ReLRace - Religions, lignages et « race »

La Lettre

#UN CARNET À LA UNE

Créé en février 2020, ReLRace - Religions, lignages et « race » est un carnet collectif dédié au programme de recherche du même nom. Ce programme a pour objectif de réinterroger «la notion de “race” en la déconnectant, d’une part, de l’histoire du racisme et en l’abordant, d’autre part, sous un prisme nouveau qui est celui de la religion. » Le carnet présente des informations sur les événements du programme, les recrutements, les activités de médiation de l’équipe, ainsi que de nombreux billets de fond, des résultats de recherche et des analyses fouillées.

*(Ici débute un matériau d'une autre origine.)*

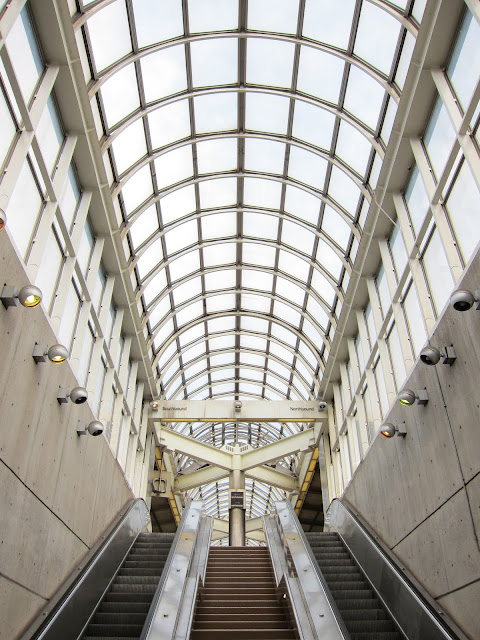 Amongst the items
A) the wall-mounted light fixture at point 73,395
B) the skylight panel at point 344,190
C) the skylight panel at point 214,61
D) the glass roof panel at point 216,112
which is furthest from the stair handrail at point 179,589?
the skylight panel at point 214,61

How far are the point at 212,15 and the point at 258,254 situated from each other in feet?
33.4

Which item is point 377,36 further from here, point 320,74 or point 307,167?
point 307,167

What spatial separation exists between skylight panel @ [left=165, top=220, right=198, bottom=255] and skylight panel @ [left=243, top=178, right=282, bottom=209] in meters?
2.32

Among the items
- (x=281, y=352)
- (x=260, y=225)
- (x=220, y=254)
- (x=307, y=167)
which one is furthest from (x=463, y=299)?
(x=281, y=352)

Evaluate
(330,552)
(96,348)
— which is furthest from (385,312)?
(96,348)

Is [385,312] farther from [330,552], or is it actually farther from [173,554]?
[173,554]

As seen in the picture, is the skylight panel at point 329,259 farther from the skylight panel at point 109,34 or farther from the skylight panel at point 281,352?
the skylight panel at point 109,34

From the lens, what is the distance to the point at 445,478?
9695 millimetres

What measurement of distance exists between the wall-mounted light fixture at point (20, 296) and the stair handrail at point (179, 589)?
4791mm

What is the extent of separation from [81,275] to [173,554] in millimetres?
6831

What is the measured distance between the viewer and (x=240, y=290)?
24.6 meters

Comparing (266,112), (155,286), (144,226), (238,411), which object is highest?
(266,112)

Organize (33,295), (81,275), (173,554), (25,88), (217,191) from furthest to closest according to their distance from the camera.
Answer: (217,191) → (81,275) → (173,554) → (25,88) → (33,295)

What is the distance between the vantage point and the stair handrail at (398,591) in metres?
8.02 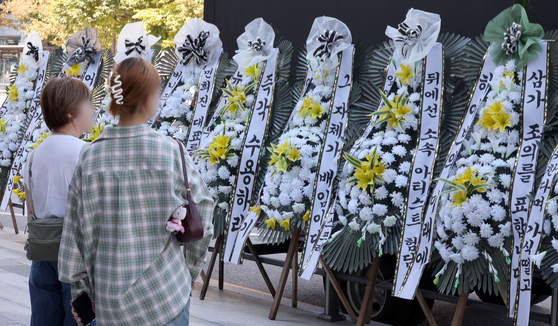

L’un des axes de recherche consiste à explorer la manière dont les religions contribuent à construire et essentialiser les différences, bien avant l’émergence au xixe siècle de la notion de « race » issue de l’histoire naturelle, en particulier à travers la notion de « lignage ». Il s’agit dès lors d’étudier ces formes généalogiques et leur diffusion, mais aussi de comprendre par qui et comment se construisent des contre-généalogies raciales. Les pasteurs afro-américains du xixe, par exemple, ont bâti des contre-généalogies fondées sur l’inclusion de figures féminines noires bibliques afin d’inverser le stigmate religieux pesant sur les personnes de couleurs aux États-Unis. Toujours au xixe siècle, Robert Benjamin Lewis associe les Afro-Américains aux tribus perdues d’Israël dans le but d’annoncer le rassemblement futur des peuples de couleur. Dans le Harlem des années 1930, le pasteur Father Divine tente d’effacer toute trace de son origine mortelle et se déclare être Dieu, parvenant ainsi à construire un mouvement qui sut répondre aux aspirations à l’égalité raciale. Les Twelve Tribes of Israel, organisation issue du mouvement rastafari jamaïcain, déploient aussi de nouvelles généalogies raciales. Au sein du judaïsme afro-américain, les Black Hebrews revendiquent l’appartenance à la religion juive en tant que descendants directs des anciens Hébreux.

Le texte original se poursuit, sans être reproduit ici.